O BCE não salva apenas os países do Sul…

As boas notícias da revisão em baixa do menor défice orçamental em democracia quase fazem esquecer a mais elevada dívida pública de sempre em Portugal. Tudo graças à impagável ajuda do BCE, que em bom tempo veio ao nosso auxílio.

Da Europa continuam a vir boas notícias. A taxa de inflação em Março na zona Euro desceu para 1,7%, dos 2% registados em Fevereiro. Mas mais importante que esta descida média terá sido a descida registada na Alemanha para 1,6%, dos 2,2% verificados em Fevereiro quando atingiu o valor mais alto desde Agosto de 2012.

Com esta descida da taxa de inflação para níveis inferiores aos 2% desejados pelo banco central, a Alemanha poderá diminuir a pressão que tem vindo a intensificar junto do BCE para que este proceda à normalização das políticas monetárias.

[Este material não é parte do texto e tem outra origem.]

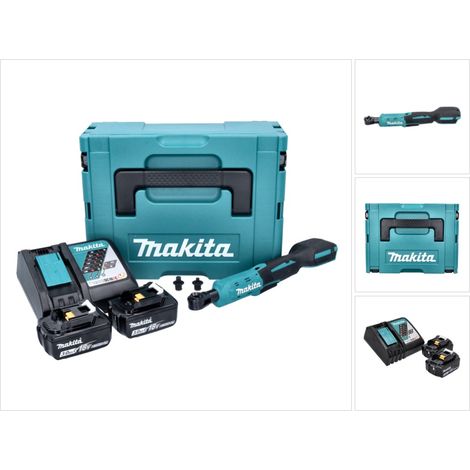 Avvitatore a cricchetto a batteria Makita DWR 180 RFJ 18 V 47,5 Nm 1/4" 3/8" + 2x batteria ricaricabile 3,0 Ah + caricabatterie + Makpac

O BCE irá assim conseguir manter o seu reiterado objetivo de manter o Euro fraco e fomentar o crescimento económico na Europa, afastando o aumento das taxas de juro e a desaceleração na compra de ativos, pelo menos nos próximos 6 meses marcados pelas eleições em França e na Alemanha.

Este apoio político do BCE à manutenção das forças moderadas do centro político no poder das principais economias europeias, visa evitar mais instabilidade política provocada por movimentos populistas que poderia pôr em causa o crescimento da Europa ou até mesmo a moeda única.

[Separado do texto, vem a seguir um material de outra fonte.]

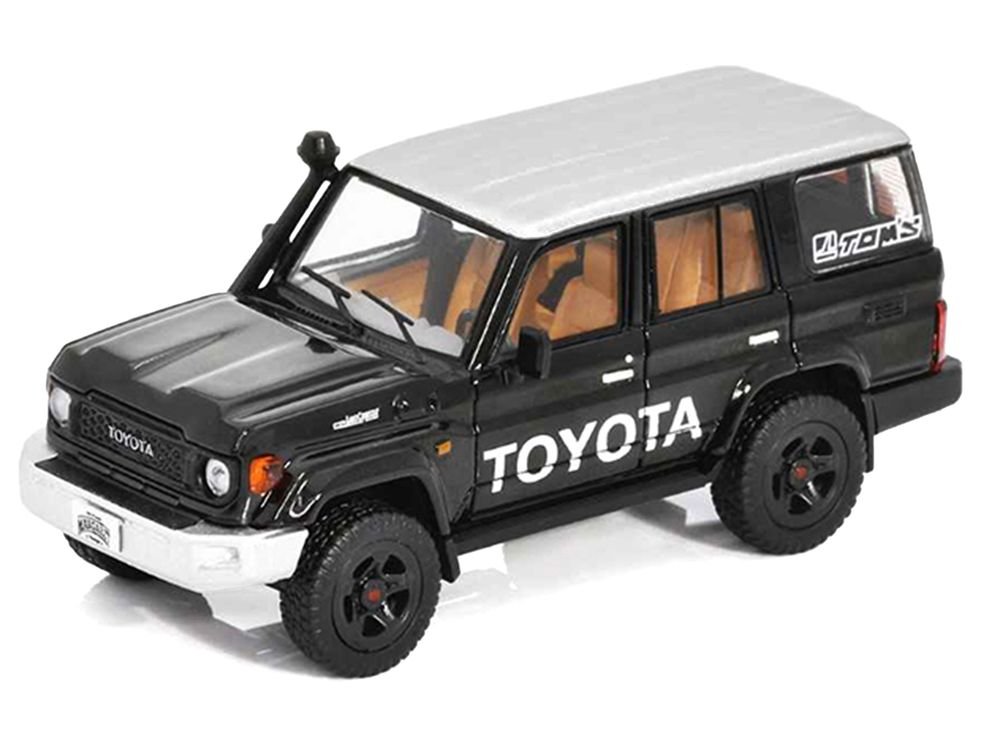 Toyota Land Cruiser (J76) Black with Silver Metallic Top 1/64 Diecast Model Car by GCD view 2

Depois de verificada a ausência de estratégia dos líderes europeus para a Europa, na celebração dos 60 anos da assinatura do Tratado de Roma ocorrida em 25 de Março, a necessidade do apoio político do BCE à União Europeia, contrariando a vontade de vários países europeus que há muito se opõem ao prosseguimento da sua política monetária, ficou clara e evidente.

Talvez assim a Europa consiga ultrapassar a moda do populismo sem nela participar, aproveitando o otimismo criado pela manutenção das principais forças políticas verificada nas eleições da Holanda, já ocorridas este ano.

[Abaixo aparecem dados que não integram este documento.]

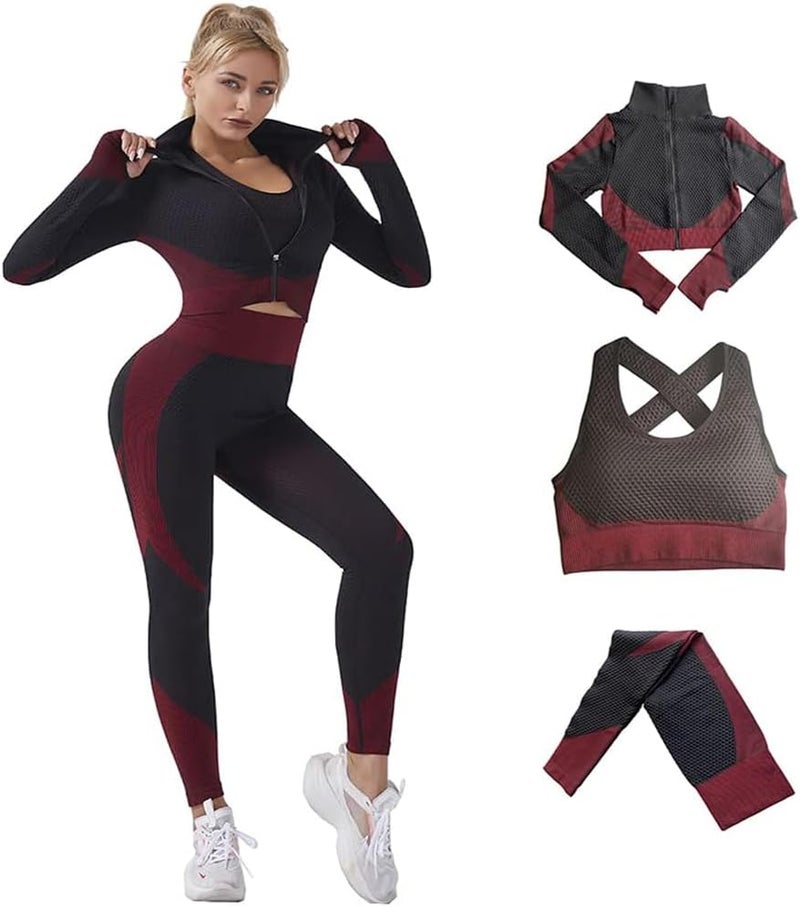 Veriliss 3pcs Seamless Outfit Workout Sets Gym for Women, Fitness Sports School Running Clothes Yoga Sportswear - Image 1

Poderemos até já contar com uma maior abertura do Reino Unido para flexibilizar a implementação do Brexit, facilitando assim o seu período de transição e readaptação, bem como dos restantes membros da União Europeia, à nova realidade política e económica.

O resultado das eleições em França será assim o fator decisivo para o futuro do projeto europeu. Ultrapassado este obstáculo que todos esperam não seja histórico, as eleições na Alemanha já serão apenas um micro evento político, pois a escolha entre Merkel e Schulz não assusta o BCE.

Mas deveria assustar Portugal, porque a partir daí o BCE poderá iniciar a normalização da politica monetária.